* Provided records *
--------------------------------

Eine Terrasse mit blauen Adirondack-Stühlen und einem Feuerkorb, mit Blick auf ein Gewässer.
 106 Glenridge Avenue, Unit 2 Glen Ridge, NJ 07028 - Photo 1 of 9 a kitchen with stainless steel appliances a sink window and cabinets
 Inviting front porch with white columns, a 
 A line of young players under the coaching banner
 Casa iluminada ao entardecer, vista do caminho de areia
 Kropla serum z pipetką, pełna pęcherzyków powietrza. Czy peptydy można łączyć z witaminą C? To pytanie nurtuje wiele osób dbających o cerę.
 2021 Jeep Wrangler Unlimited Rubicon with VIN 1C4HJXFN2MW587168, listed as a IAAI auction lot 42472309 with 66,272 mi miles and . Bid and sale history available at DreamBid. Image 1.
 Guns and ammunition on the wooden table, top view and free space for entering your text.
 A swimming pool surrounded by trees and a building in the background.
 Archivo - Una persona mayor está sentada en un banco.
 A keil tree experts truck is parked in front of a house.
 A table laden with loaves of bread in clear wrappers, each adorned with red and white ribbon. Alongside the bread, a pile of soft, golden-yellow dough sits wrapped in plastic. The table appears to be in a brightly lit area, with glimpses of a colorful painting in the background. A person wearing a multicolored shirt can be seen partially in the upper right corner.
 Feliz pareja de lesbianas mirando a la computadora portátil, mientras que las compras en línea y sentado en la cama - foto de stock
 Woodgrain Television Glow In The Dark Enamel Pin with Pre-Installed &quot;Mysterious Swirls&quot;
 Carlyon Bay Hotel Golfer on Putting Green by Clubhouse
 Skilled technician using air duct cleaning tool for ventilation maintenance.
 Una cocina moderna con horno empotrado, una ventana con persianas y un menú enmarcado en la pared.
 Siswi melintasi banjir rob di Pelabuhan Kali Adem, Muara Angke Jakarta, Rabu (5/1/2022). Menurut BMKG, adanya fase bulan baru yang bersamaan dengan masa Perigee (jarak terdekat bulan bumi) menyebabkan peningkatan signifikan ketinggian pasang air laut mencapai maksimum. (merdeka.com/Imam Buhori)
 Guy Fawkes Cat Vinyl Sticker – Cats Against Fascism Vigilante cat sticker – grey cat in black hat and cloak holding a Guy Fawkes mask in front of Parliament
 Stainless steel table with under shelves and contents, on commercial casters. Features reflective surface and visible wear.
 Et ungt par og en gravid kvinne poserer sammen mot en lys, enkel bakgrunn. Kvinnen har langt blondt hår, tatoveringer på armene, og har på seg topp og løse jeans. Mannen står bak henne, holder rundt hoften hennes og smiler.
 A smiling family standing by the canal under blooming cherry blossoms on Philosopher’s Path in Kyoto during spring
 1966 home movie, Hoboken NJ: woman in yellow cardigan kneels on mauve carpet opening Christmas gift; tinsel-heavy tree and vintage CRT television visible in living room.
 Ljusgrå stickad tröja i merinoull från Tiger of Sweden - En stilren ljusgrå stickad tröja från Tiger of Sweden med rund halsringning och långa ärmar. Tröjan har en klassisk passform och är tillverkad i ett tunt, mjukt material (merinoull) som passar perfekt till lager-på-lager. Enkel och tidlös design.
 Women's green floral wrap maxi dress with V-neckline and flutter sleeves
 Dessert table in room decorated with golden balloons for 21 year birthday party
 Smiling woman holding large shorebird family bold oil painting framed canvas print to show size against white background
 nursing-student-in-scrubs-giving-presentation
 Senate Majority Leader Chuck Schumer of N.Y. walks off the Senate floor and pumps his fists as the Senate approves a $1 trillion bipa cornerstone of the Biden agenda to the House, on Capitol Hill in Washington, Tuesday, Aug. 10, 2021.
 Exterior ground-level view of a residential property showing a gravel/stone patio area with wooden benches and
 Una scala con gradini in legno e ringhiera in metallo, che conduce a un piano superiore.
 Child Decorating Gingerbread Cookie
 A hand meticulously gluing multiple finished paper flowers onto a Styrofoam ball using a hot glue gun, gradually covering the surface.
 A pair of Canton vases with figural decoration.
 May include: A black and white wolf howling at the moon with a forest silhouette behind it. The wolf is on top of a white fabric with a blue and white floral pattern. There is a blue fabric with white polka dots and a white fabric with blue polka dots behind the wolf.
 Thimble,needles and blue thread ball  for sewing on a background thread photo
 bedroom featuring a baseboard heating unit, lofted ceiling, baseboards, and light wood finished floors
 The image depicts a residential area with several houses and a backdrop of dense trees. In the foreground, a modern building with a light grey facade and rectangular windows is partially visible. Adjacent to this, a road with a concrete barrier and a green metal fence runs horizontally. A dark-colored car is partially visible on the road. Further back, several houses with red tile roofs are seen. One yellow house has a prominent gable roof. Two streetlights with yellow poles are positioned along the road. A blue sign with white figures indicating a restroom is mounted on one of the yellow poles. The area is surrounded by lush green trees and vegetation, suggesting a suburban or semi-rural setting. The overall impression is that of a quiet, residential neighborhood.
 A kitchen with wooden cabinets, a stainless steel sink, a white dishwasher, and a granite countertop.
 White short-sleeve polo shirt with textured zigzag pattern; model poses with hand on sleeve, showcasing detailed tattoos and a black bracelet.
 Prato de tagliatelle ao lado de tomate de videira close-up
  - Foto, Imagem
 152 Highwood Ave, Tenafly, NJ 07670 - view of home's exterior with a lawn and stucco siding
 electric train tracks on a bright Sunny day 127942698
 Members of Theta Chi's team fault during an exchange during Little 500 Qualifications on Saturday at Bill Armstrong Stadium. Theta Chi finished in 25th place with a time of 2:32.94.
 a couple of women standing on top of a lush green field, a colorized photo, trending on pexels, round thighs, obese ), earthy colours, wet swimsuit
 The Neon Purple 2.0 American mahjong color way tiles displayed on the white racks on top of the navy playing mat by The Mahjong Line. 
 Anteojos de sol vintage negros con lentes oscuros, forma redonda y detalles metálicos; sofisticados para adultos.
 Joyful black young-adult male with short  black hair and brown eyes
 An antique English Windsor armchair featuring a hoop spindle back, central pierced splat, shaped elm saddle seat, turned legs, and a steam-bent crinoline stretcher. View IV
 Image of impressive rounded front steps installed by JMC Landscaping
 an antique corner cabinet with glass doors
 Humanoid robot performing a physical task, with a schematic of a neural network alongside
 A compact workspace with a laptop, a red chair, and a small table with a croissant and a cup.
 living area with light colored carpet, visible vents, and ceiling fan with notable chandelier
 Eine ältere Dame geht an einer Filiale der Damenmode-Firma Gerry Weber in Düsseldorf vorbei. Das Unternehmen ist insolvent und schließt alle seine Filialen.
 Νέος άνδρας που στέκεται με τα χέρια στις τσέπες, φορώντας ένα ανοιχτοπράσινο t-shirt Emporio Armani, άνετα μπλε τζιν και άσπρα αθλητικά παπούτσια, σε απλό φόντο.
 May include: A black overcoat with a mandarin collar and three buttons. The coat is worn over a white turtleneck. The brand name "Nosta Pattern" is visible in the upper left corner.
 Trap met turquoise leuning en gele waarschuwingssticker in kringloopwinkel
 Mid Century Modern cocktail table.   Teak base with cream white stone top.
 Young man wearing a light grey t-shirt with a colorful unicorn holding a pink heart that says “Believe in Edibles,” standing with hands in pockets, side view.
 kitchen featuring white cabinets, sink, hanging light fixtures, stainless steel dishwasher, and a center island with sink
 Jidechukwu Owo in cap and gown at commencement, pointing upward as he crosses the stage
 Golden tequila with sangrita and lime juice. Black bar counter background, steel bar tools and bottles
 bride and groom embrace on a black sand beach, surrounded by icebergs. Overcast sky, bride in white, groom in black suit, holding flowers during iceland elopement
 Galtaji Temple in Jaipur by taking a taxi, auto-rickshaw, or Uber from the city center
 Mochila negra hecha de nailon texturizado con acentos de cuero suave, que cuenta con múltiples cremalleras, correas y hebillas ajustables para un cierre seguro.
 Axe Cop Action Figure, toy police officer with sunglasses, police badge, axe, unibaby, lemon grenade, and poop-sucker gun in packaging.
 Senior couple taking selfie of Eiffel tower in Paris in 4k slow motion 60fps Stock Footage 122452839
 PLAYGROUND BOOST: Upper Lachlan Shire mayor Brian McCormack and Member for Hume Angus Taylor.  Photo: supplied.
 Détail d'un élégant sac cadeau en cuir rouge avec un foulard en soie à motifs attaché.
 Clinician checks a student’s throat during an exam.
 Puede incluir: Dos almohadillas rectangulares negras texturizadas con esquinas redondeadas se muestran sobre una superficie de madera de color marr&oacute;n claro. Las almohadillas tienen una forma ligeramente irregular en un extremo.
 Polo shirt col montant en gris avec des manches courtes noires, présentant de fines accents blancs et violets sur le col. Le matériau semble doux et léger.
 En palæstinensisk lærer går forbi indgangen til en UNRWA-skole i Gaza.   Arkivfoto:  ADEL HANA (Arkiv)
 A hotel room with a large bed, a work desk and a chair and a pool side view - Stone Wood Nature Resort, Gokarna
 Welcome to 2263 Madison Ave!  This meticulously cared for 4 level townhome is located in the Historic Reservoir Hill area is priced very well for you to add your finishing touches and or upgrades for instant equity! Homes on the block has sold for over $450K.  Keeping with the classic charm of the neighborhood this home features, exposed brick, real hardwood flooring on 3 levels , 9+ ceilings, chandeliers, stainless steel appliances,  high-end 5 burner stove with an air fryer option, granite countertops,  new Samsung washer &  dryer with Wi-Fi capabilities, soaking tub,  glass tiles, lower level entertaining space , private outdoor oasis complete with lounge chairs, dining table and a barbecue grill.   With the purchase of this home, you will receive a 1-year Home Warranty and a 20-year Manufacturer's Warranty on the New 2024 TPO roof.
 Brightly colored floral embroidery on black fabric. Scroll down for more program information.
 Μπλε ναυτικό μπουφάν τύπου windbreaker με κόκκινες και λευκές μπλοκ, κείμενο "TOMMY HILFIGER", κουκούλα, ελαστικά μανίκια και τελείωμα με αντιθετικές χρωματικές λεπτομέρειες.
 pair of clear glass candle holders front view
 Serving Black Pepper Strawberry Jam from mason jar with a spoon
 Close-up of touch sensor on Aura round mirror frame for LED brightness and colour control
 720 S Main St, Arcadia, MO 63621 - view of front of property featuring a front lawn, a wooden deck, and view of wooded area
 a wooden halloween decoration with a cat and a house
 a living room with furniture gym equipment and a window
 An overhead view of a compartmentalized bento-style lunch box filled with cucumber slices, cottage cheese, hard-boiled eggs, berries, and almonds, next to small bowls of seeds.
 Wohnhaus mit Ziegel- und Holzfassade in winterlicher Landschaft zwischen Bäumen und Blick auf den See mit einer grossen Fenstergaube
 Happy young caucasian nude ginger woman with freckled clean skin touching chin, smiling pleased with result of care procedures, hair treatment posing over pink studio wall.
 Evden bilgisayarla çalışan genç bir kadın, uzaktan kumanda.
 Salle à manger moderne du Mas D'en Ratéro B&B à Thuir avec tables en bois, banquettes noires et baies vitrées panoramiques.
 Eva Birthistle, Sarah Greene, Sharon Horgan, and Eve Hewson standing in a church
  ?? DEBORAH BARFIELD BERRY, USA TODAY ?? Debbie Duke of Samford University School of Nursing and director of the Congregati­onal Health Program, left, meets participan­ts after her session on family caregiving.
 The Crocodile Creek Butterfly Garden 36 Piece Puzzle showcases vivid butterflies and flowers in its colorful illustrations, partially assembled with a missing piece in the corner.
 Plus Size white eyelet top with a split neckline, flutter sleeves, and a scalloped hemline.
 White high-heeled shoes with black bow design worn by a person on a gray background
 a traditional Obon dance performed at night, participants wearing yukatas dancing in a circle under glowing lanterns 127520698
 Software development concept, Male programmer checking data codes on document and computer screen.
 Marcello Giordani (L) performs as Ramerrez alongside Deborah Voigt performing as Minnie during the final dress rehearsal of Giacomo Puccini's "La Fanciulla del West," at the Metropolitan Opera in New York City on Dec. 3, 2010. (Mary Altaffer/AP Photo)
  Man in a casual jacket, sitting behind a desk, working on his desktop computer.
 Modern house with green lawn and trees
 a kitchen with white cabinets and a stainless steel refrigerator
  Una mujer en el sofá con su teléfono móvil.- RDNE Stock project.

--------------------------------

* Task objective *
Print the line that contains "Man in a casual" and each line after it up to the end of the listing, exactly as written.

* Exercise answer *
  Man in a casual jacket, sitting behind a desk, working on his desktop computer.
 Modern house with green lawn and trees
 a kitchen with white cabinets and a stainless steel refrigerator
  Una mujer en el sofá con su teléfono móvil.- RDNE Stock project.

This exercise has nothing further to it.